Work instruction: Give back, unaltered, the lines from the one with "Item preview, Celosia" to the end of the material, omitting pictures.

Excerpted records:
--------
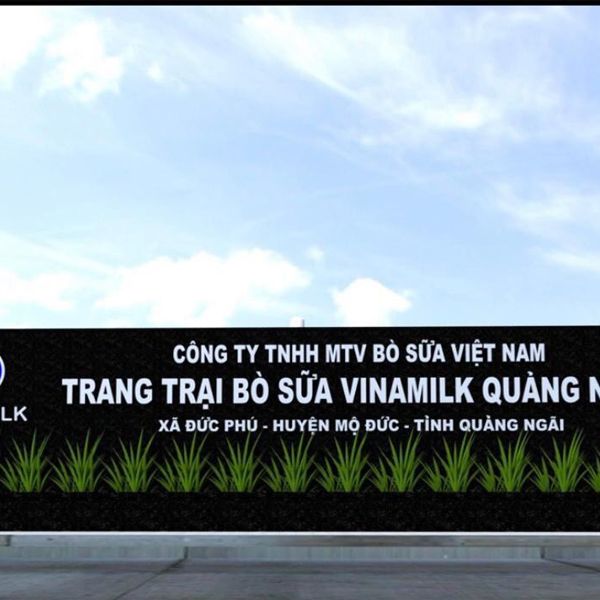 Trang trại bò sữa Vinamilk Quảng Ngãi
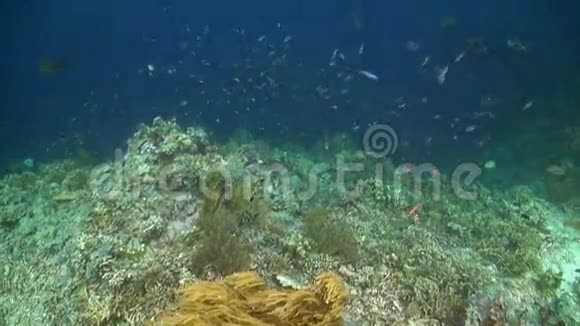 珊瑚礁与蛇鱼和鹦鹉鱼视频的预览图
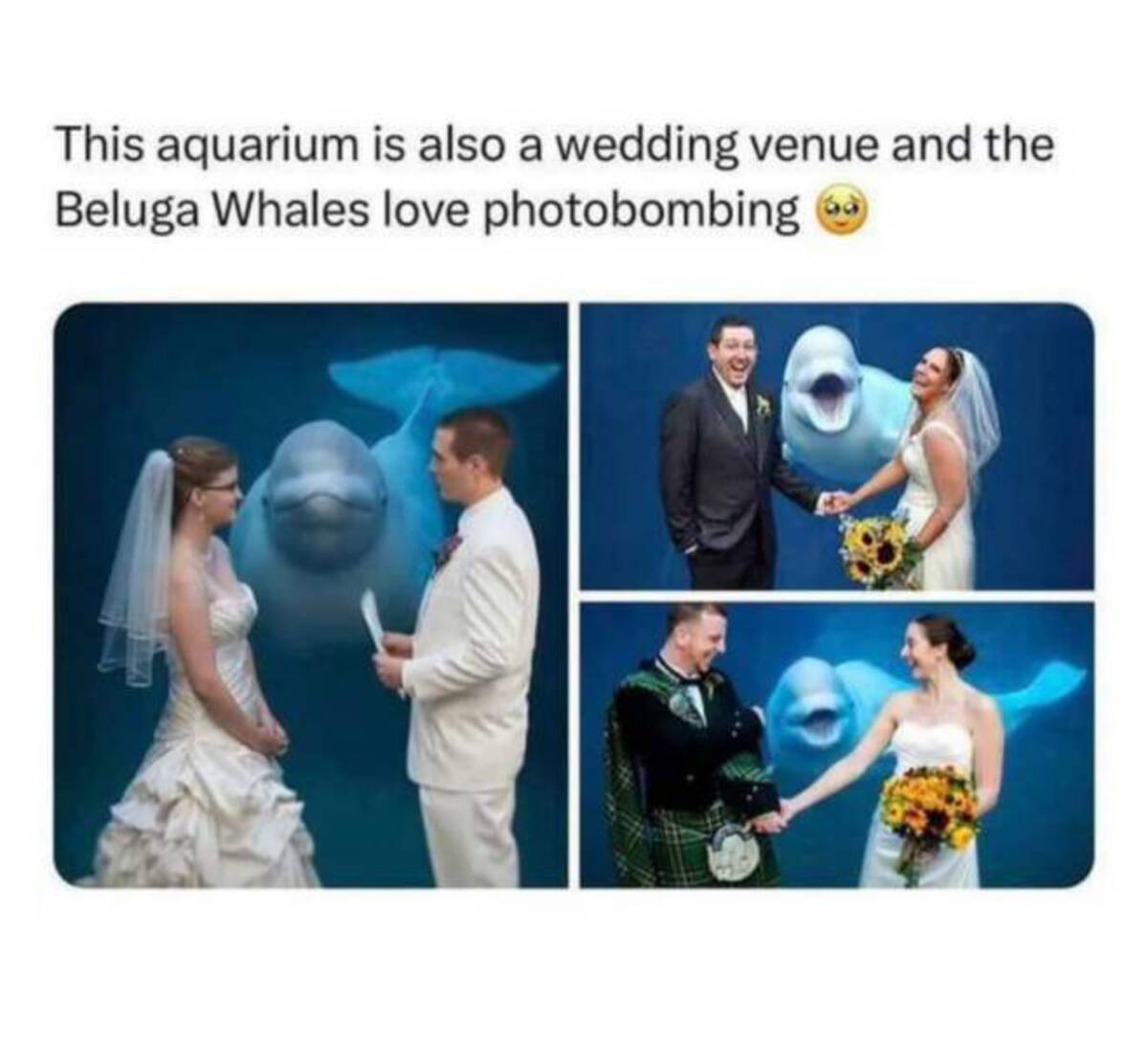 beluga whale wedding - This aquarium is also a wedding venue and the Beluga Whales love photobombing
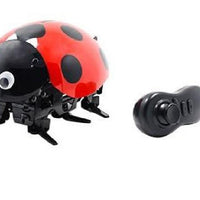 Intelligent DIY Lady Bug Robot Kit (2.4GHz)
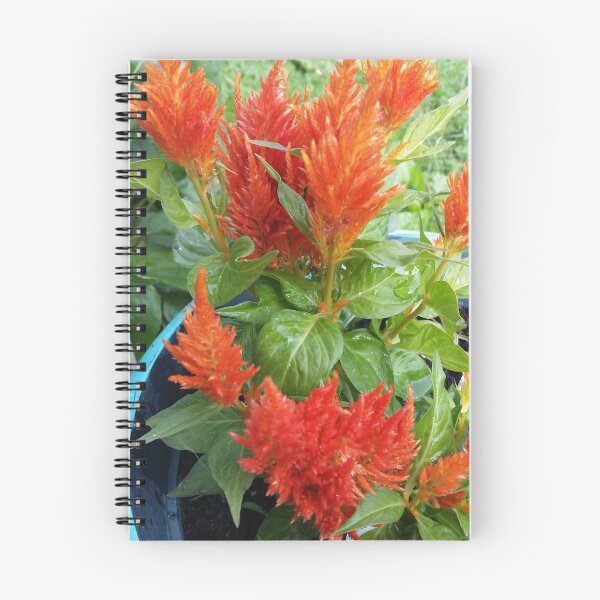 Item preview, Celosia Flower designed and sold by ArtbyMeganBrock.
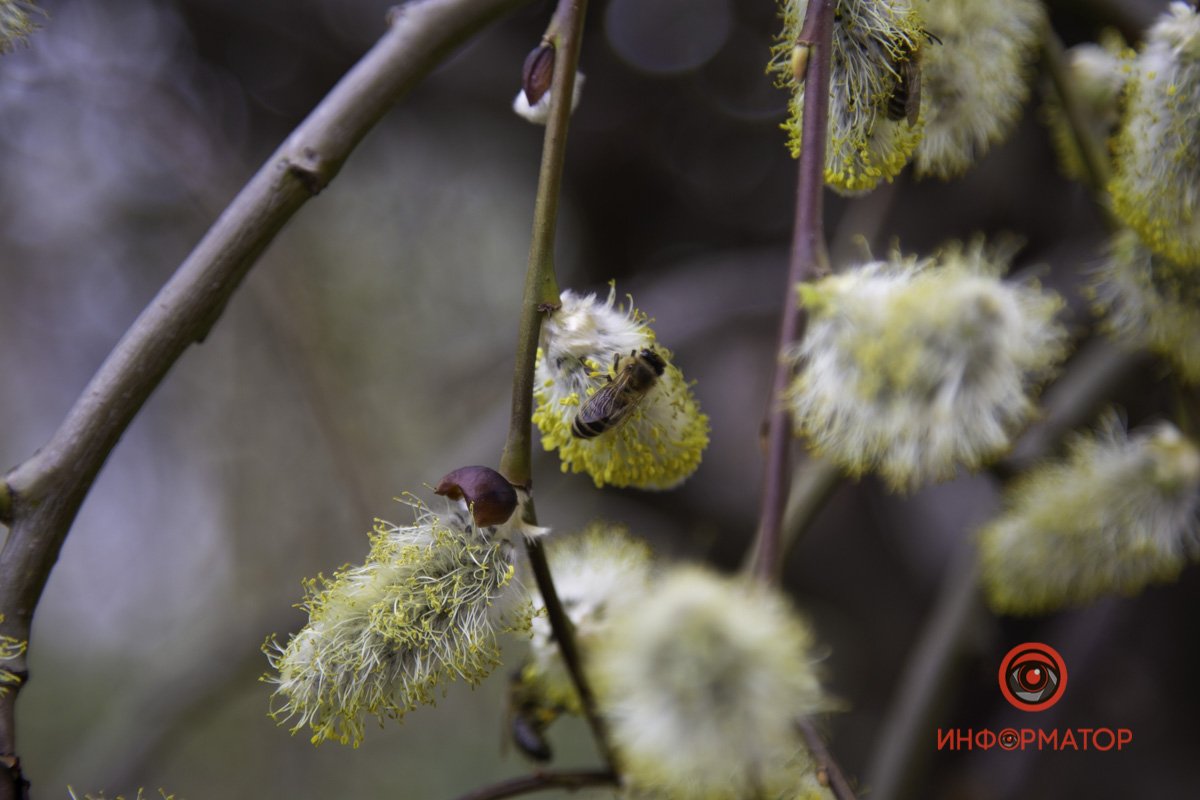 Добыча нектара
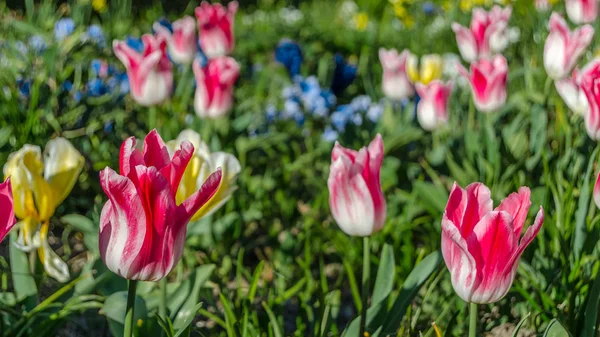 Kolorowe Kwiaty Kwiat Ogrodzie Podczas Wiosenny — Zdjęcie stockowe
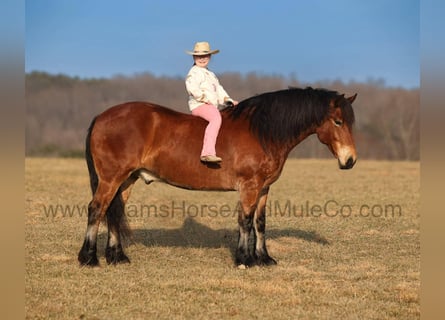 Percheron, Castrone, 9 Anni, 163 cm, Baio ciliegia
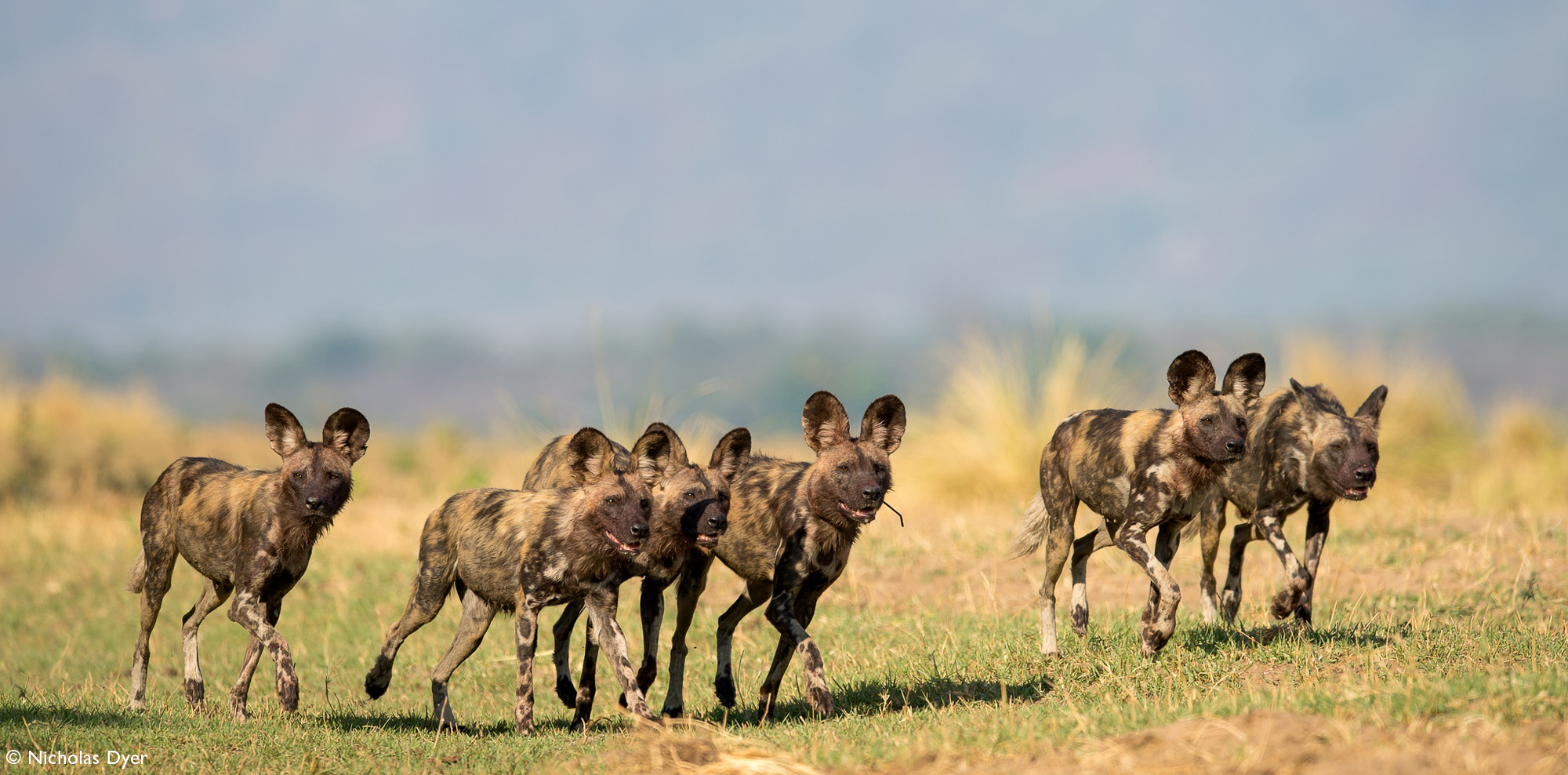 Painted wolves, African wild dogs, Nyamatusi Pack in Mana Pool, Zimbabwe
--------
Solution for this task:
 Item preview, Celosia Flower designed and sold by ArtbyMeganBrock.
 Добыча нектара
 Kolorowe Kwiaty Kwiat Ogrodzie Podczas Wiosenny — Zdjęcie stockowe
 Percheron, Castrone, 9 Anni, 163 cm, Baio ciliegia
 Painted wolves, African wild dogs, Nyamatusi Pack in Mana Pool, Zimbabwe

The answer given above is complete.